The goal this year is to compost all garden debris, keep the pile hot this Winter and have a nutritious finished compost for the upcoming year. Fall is the best time to start a compost pile because of the amount of debris that can be collected. You typically want a pile that is at least 3 ft x 3x ft 3 ft for it to properly heat up. Ingredients for a successful compost pile include oxygen, water, nitrogen (greens), and carbon (browns). I have t-posts and chicken wire laying around, so I used that for my bin structure. A tarp on the top to keep excess moisture out and protect the pile from the sun drying the pile out. The pile is located in the garden for easy access.
Above you see the beginning stages of the compost pile. Spent plants are being chopped up and added along with weeds and straw. The straw was being used as mulch this year. The goal is to clean the garden of all debris and reincarnate as compost and to prevent pests from overwintering in the debris. This pile was started mid-September. The bottom layer, I added about 5 inches of straw (carbon). Added a gallon of rain water to the top of that. Next added spent garden plants (green), then added some rain water. Next, added another layer of straw and some rain water. I have access to chicken manure from my folks, so added a layer of chicken manure (green) and wetted it down with some rain water. Next browns then greens and adding rain water to each layer. Add enough water to get the layers wet, not sopping wet.
A week later, the pile is reduced. The temperature stayed around 130 degrees Fahrenheit. At this time, it’s time to take out the manure fork and break the pile up (exercise). Once you take your pile out, add some more straw for the bottom and add rain water. Take what was the top of the pile and layer on top of the straw. Take what was the bottom layer and add. Add rain water, if needed. At this time, if you have any more spent plants, add them now. Then add the remainder of the compost, which will be the previous middle layer. If you have the room you could just set up another bin and add your layers to it. The idea is just to add oxygen and water if needed. A week later we flip again.
Everything is breaking down nicely as seen above. Just keep adding garden debris, rotating layers and your pile is going to retain heat and break down nicely. You also get a great workout.

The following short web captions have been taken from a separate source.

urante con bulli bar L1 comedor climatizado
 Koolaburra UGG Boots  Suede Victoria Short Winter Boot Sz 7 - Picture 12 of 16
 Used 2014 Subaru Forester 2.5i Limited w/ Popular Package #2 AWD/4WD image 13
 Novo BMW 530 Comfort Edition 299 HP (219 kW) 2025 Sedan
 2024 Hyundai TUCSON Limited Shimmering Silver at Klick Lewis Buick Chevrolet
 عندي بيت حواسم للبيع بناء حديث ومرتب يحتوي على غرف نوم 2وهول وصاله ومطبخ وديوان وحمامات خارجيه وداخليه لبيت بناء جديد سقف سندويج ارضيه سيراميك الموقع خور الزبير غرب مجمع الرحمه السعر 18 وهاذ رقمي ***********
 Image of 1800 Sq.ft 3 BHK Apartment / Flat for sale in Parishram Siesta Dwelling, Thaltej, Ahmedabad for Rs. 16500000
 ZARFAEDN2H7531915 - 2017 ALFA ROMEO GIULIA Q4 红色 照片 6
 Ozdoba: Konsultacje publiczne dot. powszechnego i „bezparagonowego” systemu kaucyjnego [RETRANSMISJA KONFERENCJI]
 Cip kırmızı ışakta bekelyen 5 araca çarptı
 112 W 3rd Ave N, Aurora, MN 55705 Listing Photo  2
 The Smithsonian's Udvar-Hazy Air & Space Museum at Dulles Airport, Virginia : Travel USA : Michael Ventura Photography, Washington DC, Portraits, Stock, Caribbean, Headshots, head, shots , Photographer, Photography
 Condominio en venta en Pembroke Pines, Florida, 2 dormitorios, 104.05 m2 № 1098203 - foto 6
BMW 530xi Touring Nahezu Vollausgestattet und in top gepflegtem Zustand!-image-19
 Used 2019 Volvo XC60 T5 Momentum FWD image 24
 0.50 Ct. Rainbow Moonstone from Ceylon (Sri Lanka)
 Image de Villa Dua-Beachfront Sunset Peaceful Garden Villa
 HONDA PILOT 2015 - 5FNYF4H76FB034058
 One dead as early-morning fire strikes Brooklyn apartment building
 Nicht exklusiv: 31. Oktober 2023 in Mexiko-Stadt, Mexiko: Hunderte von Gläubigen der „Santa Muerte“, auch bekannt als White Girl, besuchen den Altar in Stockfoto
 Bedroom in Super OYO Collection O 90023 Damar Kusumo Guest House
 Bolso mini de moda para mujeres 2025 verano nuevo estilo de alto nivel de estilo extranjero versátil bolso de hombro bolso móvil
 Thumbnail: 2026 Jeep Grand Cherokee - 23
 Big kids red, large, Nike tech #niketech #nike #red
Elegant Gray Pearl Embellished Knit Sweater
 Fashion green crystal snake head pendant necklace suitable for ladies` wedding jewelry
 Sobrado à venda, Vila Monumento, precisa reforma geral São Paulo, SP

Greens used: sweet potato vines, spent fruit and vegetable plants, spent flower plants, hop bines, weeds, brewing waste, chicken manure
Browns used: Straw, dried bean vines, dead leaves
**Note: Since I am in town, I compost fruit/vegetable waste, coffee grounds with some brown materials to not attract mice and other pests. Once these scraps are rotted, I add it to the garden debris compost pile as a “green”.
Nothing is thrown out on the curb to be hauled away to a landfill – mission accomplished!